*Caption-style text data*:
########

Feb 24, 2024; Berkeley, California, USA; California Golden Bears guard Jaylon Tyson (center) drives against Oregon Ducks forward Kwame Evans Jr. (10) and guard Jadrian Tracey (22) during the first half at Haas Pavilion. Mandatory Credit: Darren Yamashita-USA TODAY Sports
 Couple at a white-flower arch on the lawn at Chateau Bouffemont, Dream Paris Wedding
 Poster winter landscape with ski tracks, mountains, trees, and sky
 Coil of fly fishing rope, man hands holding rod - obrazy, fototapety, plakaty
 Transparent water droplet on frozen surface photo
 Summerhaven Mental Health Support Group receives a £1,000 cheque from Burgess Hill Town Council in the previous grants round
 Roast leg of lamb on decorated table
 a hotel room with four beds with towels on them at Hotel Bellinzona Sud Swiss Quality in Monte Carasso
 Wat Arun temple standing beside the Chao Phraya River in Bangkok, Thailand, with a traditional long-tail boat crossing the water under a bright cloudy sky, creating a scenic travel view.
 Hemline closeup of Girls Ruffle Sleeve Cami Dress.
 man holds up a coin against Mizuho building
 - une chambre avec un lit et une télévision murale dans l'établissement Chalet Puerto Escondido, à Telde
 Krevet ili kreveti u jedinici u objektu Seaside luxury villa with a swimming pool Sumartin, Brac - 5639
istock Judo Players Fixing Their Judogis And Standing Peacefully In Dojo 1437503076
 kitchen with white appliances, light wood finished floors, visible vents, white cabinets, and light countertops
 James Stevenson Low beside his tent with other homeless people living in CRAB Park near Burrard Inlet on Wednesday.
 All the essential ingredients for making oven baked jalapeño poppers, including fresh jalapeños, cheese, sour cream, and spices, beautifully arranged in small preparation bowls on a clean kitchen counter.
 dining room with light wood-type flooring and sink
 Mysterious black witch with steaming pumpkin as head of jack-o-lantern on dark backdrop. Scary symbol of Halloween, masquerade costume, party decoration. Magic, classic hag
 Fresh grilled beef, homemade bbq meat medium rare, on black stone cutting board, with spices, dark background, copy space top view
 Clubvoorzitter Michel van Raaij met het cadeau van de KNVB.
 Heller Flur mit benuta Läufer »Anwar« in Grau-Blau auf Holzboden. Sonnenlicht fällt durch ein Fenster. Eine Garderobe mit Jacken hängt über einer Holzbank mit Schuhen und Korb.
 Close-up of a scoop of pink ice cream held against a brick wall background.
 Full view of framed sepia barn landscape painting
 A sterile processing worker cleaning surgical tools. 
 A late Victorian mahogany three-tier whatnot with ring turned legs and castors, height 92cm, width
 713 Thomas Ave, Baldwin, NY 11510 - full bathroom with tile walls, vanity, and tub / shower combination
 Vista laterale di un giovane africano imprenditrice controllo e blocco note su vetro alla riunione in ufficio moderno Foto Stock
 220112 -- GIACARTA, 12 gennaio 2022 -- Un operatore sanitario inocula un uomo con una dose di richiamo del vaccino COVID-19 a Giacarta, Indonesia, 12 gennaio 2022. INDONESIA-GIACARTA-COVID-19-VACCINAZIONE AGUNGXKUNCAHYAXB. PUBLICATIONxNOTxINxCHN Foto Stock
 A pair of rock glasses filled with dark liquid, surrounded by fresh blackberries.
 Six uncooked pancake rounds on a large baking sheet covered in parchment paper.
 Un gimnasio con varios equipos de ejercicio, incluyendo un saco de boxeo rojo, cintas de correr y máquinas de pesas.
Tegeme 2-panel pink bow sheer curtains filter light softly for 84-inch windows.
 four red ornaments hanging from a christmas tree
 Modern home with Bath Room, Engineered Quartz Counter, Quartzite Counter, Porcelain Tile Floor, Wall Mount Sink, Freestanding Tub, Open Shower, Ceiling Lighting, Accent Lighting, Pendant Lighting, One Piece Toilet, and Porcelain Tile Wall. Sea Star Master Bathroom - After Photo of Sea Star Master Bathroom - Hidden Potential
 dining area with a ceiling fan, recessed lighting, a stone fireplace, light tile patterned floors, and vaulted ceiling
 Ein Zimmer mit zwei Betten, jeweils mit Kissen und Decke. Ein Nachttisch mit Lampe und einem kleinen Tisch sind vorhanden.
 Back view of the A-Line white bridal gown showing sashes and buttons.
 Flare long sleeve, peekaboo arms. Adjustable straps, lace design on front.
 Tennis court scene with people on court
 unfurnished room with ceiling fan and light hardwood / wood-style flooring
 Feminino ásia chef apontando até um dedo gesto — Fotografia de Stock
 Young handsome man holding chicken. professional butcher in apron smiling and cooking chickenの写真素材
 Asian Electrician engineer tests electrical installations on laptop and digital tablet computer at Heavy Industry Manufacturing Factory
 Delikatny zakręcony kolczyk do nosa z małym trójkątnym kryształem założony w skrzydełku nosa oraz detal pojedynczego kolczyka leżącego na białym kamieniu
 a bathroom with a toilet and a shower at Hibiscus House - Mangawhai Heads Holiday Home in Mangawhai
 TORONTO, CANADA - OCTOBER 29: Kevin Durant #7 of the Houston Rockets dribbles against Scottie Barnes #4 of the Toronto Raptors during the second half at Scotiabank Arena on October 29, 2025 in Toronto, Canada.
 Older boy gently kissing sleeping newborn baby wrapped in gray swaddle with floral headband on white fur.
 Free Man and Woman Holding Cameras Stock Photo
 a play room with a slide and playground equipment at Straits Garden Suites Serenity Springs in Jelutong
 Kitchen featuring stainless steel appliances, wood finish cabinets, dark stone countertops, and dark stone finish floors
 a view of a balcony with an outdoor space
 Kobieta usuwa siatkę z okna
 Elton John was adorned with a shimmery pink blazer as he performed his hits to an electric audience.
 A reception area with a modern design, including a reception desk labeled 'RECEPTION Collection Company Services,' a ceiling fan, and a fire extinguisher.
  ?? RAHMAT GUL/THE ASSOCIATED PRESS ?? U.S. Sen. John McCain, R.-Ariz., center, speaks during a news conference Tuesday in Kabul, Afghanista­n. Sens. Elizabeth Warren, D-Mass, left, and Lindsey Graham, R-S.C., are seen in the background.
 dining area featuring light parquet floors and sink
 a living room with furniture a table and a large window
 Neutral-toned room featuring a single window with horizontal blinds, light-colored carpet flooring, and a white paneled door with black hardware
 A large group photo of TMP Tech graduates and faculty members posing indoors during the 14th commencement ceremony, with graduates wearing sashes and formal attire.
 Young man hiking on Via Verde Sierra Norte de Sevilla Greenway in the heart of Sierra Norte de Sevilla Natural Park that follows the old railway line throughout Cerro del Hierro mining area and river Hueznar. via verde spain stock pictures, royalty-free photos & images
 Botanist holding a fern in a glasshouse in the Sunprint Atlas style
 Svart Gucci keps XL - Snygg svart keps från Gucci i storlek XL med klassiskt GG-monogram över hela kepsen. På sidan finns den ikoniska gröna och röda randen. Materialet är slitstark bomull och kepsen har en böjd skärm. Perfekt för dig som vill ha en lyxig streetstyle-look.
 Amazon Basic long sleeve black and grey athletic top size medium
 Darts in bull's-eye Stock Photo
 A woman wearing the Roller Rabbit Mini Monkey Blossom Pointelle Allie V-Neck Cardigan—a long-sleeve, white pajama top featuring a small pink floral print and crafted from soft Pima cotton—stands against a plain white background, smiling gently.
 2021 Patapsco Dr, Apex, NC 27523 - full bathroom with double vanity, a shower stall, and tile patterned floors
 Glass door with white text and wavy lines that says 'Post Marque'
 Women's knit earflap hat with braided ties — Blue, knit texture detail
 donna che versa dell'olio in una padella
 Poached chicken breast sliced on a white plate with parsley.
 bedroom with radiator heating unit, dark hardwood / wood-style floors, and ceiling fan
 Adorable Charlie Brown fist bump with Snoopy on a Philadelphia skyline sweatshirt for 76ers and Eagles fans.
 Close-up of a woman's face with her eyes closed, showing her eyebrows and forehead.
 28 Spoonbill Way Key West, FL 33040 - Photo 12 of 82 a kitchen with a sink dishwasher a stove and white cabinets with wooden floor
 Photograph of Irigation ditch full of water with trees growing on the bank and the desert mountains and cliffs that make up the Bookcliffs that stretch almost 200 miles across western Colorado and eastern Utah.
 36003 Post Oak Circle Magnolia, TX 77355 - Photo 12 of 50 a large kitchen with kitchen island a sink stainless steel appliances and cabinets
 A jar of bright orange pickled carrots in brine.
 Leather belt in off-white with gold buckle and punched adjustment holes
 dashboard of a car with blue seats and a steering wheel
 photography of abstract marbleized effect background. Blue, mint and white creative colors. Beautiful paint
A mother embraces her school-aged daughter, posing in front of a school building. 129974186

########

*Your assignment*:
Your response should be the lines above from the first to the one containing "Couple at a", inclusive, each given exactly.

*Reply to the task*:
Feb 24, 2024; Berkeley, California, USA; California Golden Bears guard Jaylon Tyson (center) drives against Oregon Ducks forward Kwame Evans Jr. (10) and guard Jadrian Tracey (22) during the first half at Haas Pavilion. Mandatory Credit: Darren Yamashita-USA TODAY Sports
 Couple at a white-flower arch on the lawn at Chateau Bouffemont, Dream Paris Wedding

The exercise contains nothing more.